いま、「学生アート」と「社会」を繋げる一風変わったアートスペースがある。東京の美大生12人が運営する。
そのスペースとは、東京・足立区北千住にある「古民家ココノカ」。
NPO法人「千住芸術村」※による古民家再生プロジェクトの第4弾として、大学生が地元の工務店の力を借りながら一年をかけ、リノベーションし生まれ変わった古民家だ。
※ワークショップや地域ぐるみのアートイベントを企画、開催する。
その古民家再生プロジェクトに携わっていた一人が「古民家を、学生が作る学生のための表現の場にしたい」と動き出したのが今回の運びだ。
「“若さ”を自覚してこそ、初めて苦しみに耐え抜く勇気も、明日への活力も湧いてくる。だから私は若い人たちにまず“若さ”の価値を知るべきだと声を大にして言いたい」
伝説のHONDA創業者、本田宗一郎氏の言葉。
家賃や光熱費などの運営費用を捻出するのは、集まったその12人の学生。若さから溢れ出る活力・行動力によって、ココノカの運営は実現している。

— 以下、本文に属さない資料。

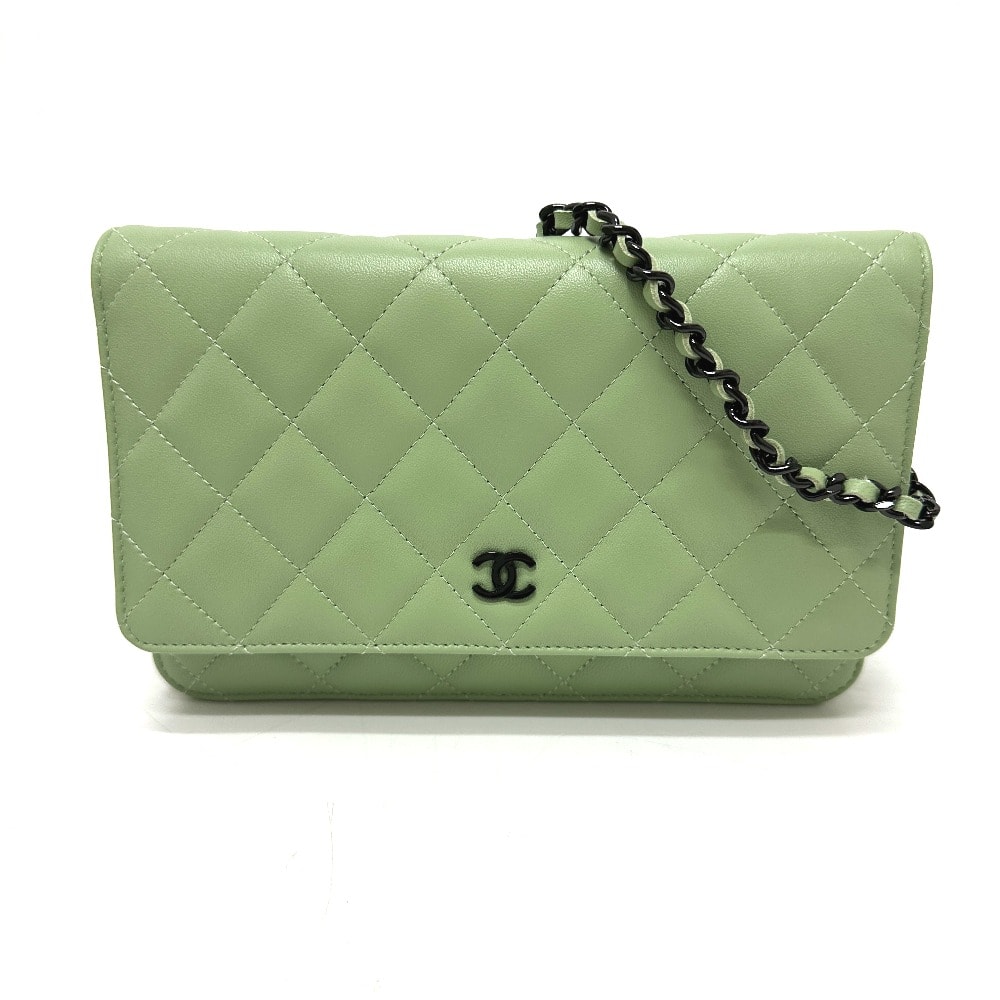 シャネル CHANEL ココマーク クラシック AP0250 マトラッセ チェーンウォレット ショルダーバッグ ラムスキン ライトグリーン グリーン 未使用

今年3月には、記念すべき第一回目の展示会「宙吊」を開催。東京藝術大学の学生が『宙吊(ちゅうづり)』をキーワードに、グラフィック・ポスター表現の研究展示したほか、初日にはデザインジャーナリスト、グラフィックデザイナー、詩人をゲストスピーカーに迎えてのトークショーも開いた。
地域に根ざしたアートコミュニティ作りも実践する。近所の子どもたちを招いてコースターの染め物ワークショップ(使用したのは、玉ねぎの皮とコーヒーの出がらし!)を開いたほか、地域との合同企画も今年8月開催に向け進行中。
庶民文化研究家で銭湯研究の第一人者の町田忍さんを招いてトークショーを催すほか、ココノカにて北千住の銭湯に関する資料を展示し、展示期間中北千住の銭湯に美大生がデザインしたのれんをかける予定だ。
「アートが持つカタイ雰囲気を少しでも和らげふらっと気軽に訪れてもらえる場所にしたい」。学生とアート、そして地域コミュニティを繋ぐ「ココノカ」。
肩の力を抜いてアートに触れてみたい、ちょっと立ち寄ってみようという人はコチラから。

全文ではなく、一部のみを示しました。